■ **What this task involves**
Return the line containing "X0000113341200200909151125" and every line beneath it through the end of the entries below, unchanged. Pictures stay out.

*** Records for this exercise Section Begins ***

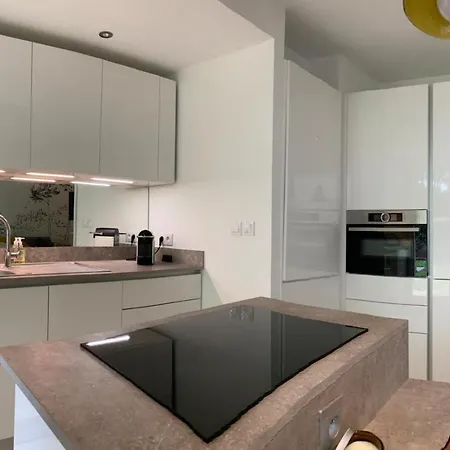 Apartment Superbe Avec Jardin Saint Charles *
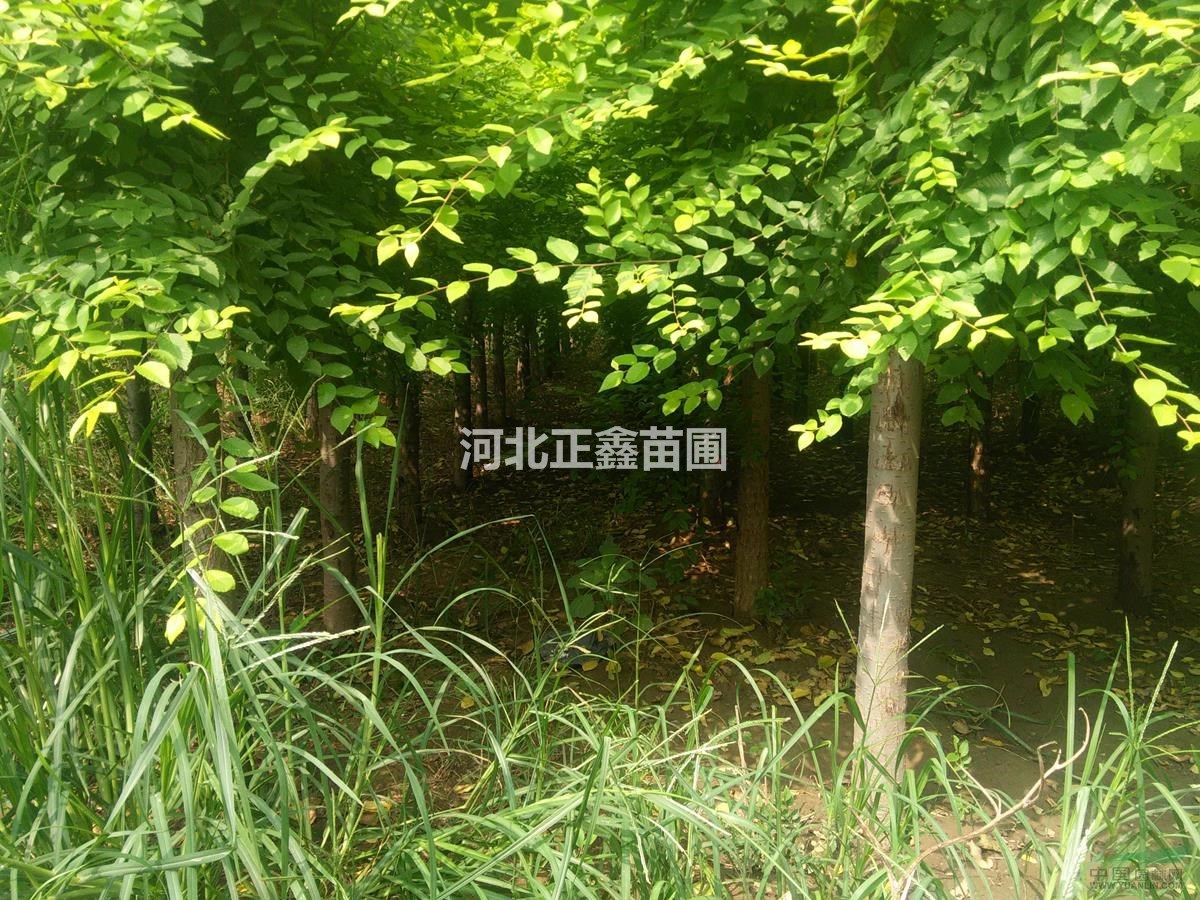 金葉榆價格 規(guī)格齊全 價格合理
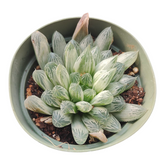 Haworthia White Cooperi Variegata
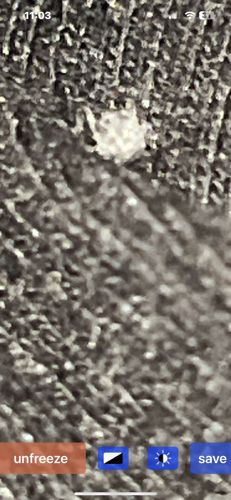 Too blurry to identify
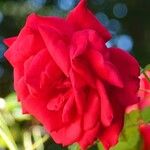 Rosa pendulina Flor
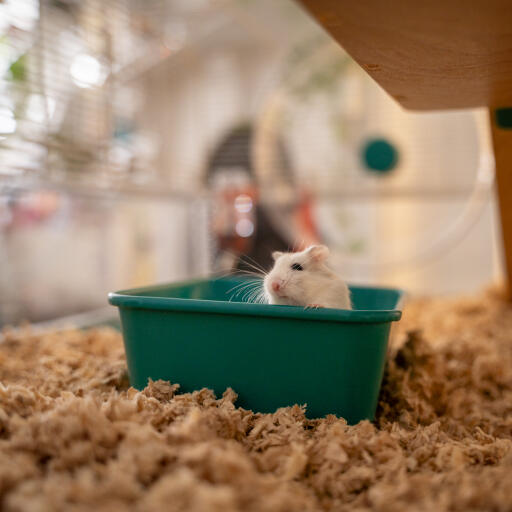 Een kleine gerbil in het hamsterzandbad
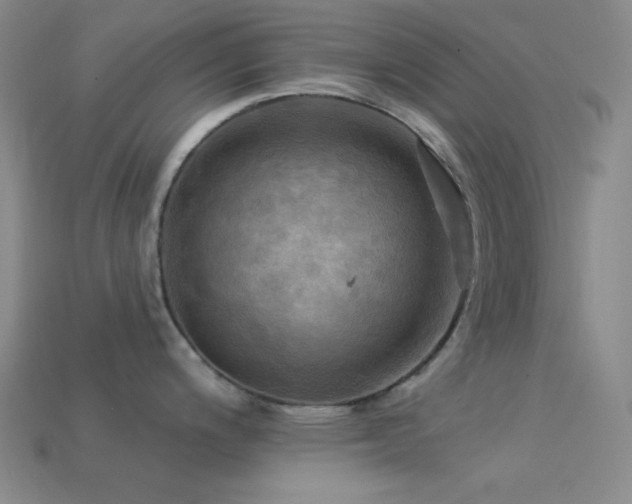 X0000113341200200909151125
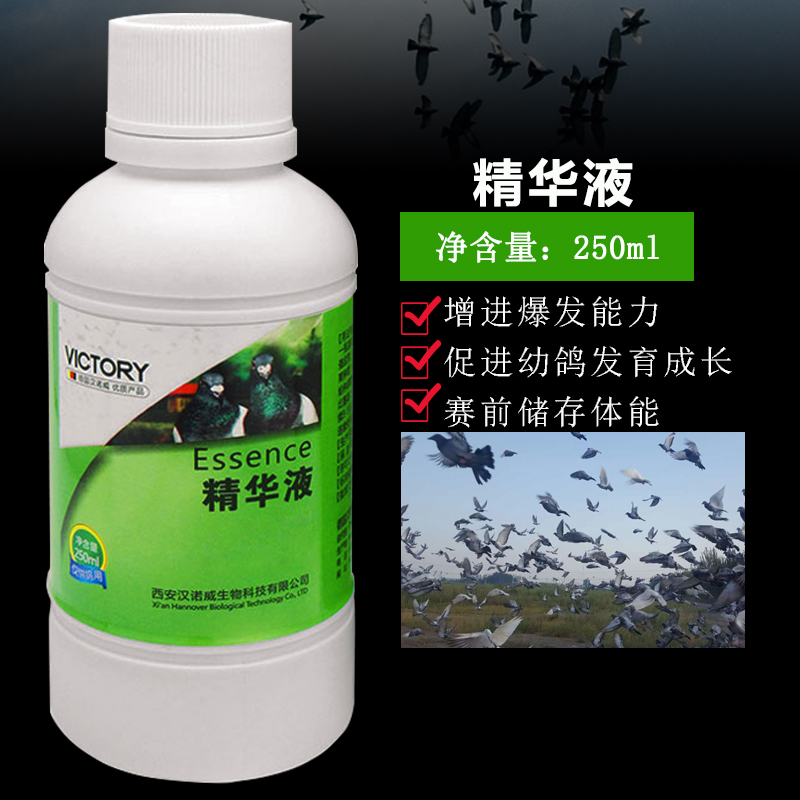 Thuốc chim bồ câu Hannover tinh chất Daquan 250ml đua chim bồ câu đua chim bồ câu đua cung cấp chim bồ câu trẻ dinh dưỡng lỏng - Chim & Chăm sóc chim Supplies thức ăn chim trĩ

*** Records for this exercise Section Ends ***

■ **Answer to this problem**
 X0000113341200200909151125
 Thuốc chim bồ câu Hannover tinh chất Daquan 250ml đua chim bồ câu đua chim bồ câu đua cung cấp chim bồ câu trẻ dinh dưỡng lỏng - Chim & Chăm sóc chim Supplies thức ăn chim trĩ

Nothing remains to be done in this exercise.